You know how your whole life is supposed to flash before your eyes when you jump off a building? If you leap into the Grand Canyon, there’s time—a full 15 seconds—for all your past lives to flash before you too!
You can roll into Vegas, take a final look at Paris, Venice, and New York; do memory lane—ancient Egypt and Rome—for your ancestors’ sake. Wallow in simulation. Then spring two C bills for an Air Vegas flight over Hoover Dam and Lake Mead, to a tiny airstrip on the Grand Canyon’s west rim.
The artist and I opt for platinum service, a couple hundred extra. You get picked up by a stretch limo, they take your photograph standing next to a cactus outside North Las Vegas Air Terminal, and you get a private tour instead of joining the cattle train.
Then, board a plane (no ID necessary, no security for checking backpacks, as if 9/11 never happened, even though juicy targets abound…).
Wendy the guide welcomes you and she wants you to board the return flight to Vegas. But even if you tell her your plan, there isn’t much she can actually do about it. For not only is there no landline telephone service on the west rim, there is no cellular service either.
Danger lurks everywhere, says Wendy. There are rattlesnakes, scorpions, large hairy spiders—not to mention rotor blades of the helicopter that lowers you a mile down to the canyon floor. A brutal wind shear claims a handful of sightseers every so often.

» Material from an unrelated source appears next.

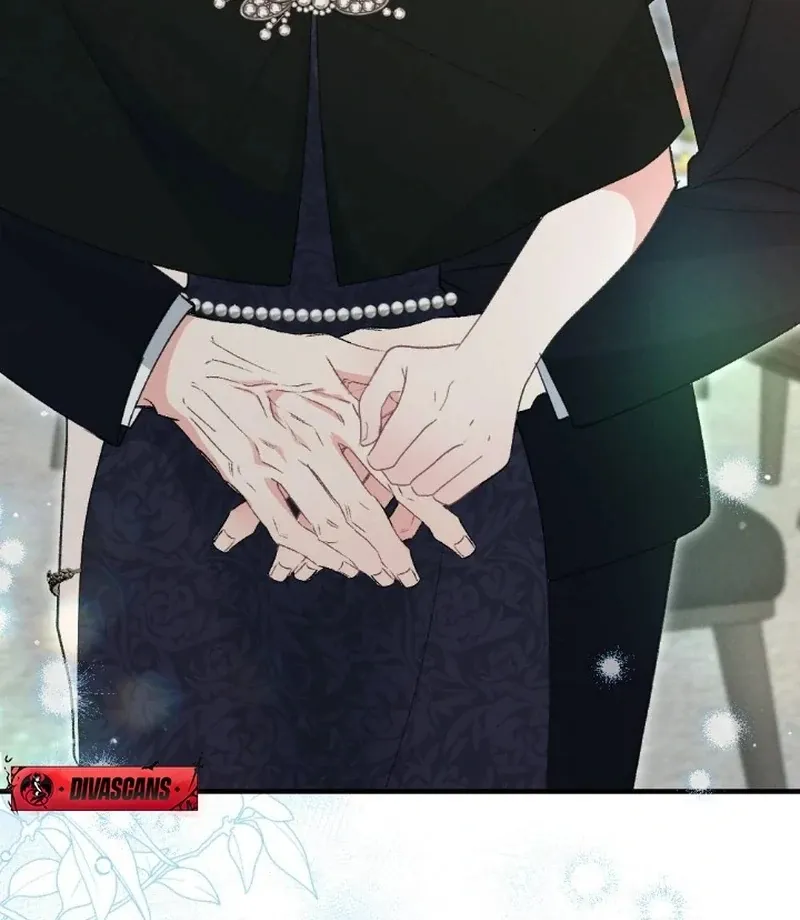 Marriage Trigger Chapter 8 page 142 -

“One of these babies crashed five weeks ago,” the artist whispers. “They lose them all the time.”
A whole book has been written about people who perish at the Grand Canyon—most by accident, not design.
At the bottom, a flat boat cruises you along the Colorado River for 20 minutes. Then a return flight to the rim, where Wendy carts you to a Native Indian outpost staffed by Hualapai Nation, who lay on a last supper: An all-you-can-eat buffet of BBQ beef, baked beans, corn-on-the-cob and a warm tortilla. Not only do calories no long matter, you probably want bulk for a final descent.

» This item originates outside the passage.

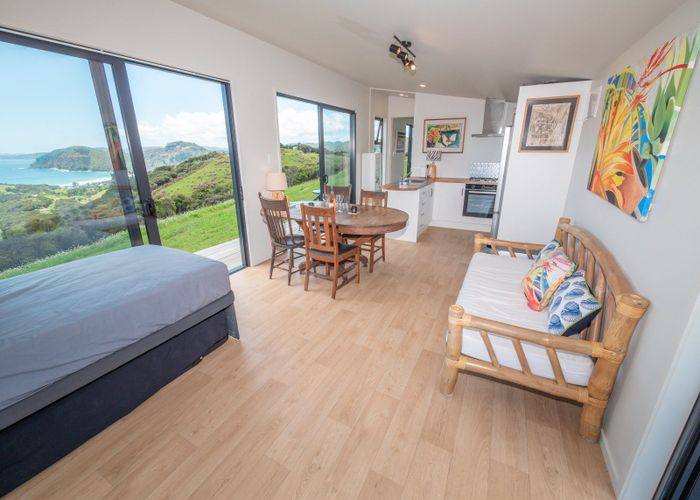  at 798E Taupo Bay Road, Taupo Bay, Far North, Northland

The artist and I stand at the edge, surveying the awesome panorama—and the drop.
“Ready?” I say.
“Forget suicide,” says the artist, “this is murder.”
“Murder?”
“Those Indians are trying to murder palefaces with that meal.”
“You’re worried about cholesterol?”
“No, flatus. One tail-shot and it’s over the edge. Geronimo’s Revenge.”
I step back.
But if I were inclined to check-out, it would be here, at the Grand Canyon, not a multi-story parking lot in Vegas. After all, this is your life you’re concluding. Why make your last stop in a tacky town built specifically to con everyone out of their money, their mind, their life; why end it there when, without much further effort or expense, you can fossilize with a two billion year-old wonder of the world?
Alas, I’m still here.
Everyone considering suicide should stick around, too.
We’ll all have plenty of time later to be dead.